Denis Johnson, a writer with an unmatched ability to bring alive settings as disparate as Afghanistan and Texas, has died at age 67.
Johnson was my favorite living author. (Seek, a collection of his nonfiction pieces, was the book that first attracted me to the practice of journalism.) He began his literary career with poetry, moved on to narrative journalism, and ended in fiction. He also wrote three plays. He brought a lyrical touch to everything he wrote, be it poetry or straight reporting. "To me the writing is all one thing," he told the Los Angeles Times in a rare 2014 interview, "or maybe I should say it's all nothing. The truth is, I just write sentences."

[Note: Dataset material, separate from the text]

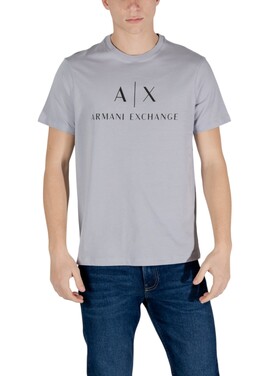 Armani Exchange: Свитшот с принтом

Johnson's most famous work is Jesus' Son, a 1992 collection of linked short stories narrated by a semi-autobiographical drifter known only as "Fuckhead." His other novels and novellas range from The Name of the World, about an adjunct history professor dealing with the death of his wife and daughter, to Fiskadoro, featuring one of the most realistic depictions of a post-apocalyptic society in contemporary literature. (It's set in post-WWIII Florida.) Train Dreams, a finalist for the Pulitzer Prize in fiction, followed the life of a day laborer across the first half of the 20th century, providing a history of the United States by telling a history of people.
In the first chapter of Jesus' Son, Johnson describes hearing a scream of anguish. "It felt wonderful to be alive to hear it!" he wrote. "I've gone looking for that feeling everywhere." I feel the same way about his writing.